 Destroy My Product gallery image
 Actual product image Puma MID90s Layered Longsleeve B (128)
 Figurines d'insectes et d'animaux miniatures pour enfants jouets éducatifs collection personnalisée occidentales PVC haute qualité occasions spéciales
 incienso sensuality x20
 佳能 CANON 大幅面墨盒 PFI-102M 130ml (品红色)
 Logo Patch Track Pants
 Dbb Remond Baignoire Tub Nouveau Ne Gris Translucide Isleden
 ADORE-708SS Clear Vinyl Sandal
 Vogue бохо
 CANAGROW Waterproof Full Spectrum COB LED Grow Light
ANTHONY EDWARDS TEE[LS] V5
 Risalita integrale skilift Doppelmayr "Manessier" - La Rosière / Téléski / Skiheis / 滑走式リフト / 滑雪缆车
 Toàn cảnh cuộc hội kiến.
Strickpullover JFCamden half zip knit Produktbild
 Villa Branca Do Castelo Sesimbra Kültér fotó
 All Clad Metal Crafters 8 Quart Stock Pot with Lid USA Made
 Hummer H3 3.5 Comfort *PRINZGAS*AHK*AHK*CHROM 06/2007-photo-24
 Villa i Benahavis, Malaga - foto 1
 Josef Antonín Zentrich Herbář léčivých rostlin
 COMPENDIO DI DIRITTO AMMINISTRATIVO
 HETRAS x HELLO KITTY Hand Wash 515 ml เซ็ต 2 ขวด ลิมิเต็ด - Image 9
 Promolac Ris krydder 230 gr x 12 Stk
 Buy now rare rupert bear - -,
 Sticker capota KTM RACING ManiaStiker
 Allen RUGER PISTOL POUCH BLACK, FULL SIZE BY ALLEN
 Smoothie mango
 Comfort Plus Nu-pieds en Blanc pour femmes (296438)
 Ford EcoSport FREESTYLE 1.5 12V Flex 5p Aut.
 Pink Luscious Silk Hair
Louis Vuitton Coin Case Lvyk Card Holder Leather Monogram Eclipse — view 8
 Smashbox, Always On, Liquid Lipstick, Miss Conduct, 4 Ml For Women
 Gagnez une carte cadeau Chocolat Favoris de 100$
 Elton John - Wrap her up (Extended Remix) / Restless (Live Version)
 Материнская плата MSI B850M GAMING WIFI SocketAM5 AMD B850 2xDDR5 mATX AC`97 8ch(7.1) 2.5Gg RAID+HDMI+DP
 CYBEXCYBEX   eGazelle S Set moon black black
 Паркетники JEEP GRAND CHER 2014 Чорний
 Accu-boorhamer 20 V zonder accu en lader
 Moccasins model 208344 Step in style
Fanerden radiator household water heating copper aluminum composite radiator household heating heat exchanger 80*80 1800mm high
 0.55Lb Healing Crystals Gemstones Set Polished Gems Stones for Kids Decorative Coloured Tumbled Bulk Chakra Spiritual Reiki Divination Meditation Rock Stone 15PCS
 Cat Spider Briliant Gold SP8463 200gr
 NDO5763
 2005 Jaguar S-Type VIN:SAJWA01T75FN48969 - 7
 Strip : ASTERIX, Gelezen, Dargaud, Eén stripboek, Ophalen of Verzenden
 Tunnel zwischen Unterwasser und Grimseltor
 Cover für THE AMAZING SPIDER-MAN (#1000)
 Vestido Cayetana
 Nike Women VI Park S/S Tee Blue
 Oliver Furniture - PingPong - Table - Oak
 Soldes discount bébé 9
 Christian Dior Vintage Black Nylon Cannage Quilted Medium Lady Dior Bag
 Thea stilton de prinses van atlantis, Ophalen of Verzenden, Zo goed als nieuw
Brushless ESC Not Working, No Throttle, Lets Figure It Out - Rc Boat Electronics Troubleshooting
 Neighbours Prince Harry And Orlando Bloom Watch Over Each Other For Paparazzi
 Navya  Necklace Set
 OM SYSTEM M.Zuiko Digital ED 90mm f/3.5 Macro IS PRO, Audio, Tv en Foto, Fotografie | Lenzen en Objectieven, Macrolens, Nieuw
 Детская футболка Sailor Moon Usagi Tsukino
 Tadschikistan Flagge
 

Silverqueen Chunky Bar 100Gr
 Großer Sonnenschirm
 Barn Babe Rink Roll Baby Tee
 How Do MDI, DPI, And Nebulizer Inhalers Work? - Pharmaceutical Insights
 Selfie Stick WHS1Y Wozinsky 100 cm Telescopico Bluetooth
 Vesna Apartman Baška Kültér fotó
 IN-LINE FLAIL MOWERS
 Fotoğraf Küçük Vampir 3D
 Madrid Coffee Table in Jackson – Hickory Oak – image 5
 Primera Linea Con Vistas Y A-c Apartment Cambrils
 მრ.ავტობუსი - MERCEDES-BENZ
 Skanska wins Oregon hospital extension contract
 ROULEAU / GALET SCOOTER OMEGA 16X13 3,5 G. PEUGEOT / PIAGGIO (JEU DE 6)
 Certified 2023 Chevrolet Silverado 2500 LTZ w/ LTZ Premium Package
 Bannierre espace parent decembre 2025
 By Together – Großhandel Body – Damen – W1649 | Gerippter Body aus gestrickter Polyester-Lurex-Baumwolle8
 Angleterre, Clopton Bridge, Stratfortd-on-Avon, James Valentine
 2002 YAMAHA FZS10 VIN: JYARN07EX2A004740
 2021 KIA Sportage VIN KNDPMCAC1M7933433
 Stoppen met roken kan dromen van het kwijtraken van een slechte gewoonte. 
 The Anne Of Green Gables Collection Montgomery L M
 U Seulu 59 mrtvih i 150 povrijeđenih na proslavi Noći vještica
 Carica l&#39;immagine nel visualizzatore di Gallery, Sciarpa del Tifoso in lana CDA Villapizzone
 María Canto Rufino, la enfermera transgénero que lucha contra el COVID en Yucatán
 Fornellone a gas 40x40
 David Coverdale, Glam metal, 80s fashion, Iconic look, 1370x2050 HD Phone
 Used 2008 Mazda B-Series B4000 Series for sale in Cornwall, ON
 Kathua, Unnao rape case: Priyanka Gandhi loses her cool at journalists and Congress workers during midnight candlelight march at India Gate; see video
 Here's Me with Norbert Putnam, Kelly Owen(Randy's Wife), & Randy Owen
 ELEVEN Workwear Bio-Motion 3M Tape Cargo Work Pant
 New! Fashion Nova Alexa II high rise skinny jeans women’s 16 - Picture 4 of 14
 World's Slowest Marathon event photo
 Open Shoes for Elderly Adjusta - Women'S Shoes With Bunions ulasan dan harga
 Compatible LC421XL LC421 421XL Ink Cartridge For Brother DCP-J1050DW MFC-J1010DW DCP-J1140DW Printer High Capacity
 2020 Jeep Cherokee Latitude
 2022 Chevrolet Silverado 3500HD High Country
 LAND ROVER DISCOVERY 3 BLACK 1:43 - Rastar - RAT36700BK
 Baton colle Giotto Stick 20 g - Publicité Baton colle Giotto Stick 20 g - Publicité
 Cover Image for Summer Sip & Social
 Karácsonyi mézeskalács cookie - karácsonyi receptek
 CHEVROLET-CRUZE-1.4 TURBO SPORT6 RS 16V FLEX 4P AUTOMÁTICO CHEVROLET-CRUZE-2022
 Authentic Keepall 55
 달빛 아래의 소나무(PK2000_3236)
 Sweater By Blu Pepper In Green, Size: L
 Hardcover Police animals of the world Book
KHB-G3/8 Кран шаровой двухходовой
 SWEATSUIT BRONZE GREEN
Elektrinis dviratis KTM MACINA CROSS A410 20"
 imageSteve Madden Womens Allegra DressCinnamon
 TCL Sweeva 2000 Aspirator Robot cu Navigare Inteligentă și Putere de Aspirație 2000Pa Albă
■ ■ ■ ■
Aim of the task →
What you give back must match the material exactly, beginning with its first line and ending with the line holding "Dbb Remond Baignoire".

Result →
 Destroy My Product gallery image
 Actual product image Puma MID90s Layered Longsleeve B (128)
 Figurines d'insectes et d'animaux miniatures pour enfants jouets éducatifs collection personnalisée occidentales PVC haute qualité occasions spéciales
 incienso sensuality x20
 佳能 CANON 大幅面墨盒 PFI-102M 130ml (品红色)
 Logo Patch Track Pants
 Dbb Remond Baignoire Tub Nouveau Ne Gris Translucide Isleden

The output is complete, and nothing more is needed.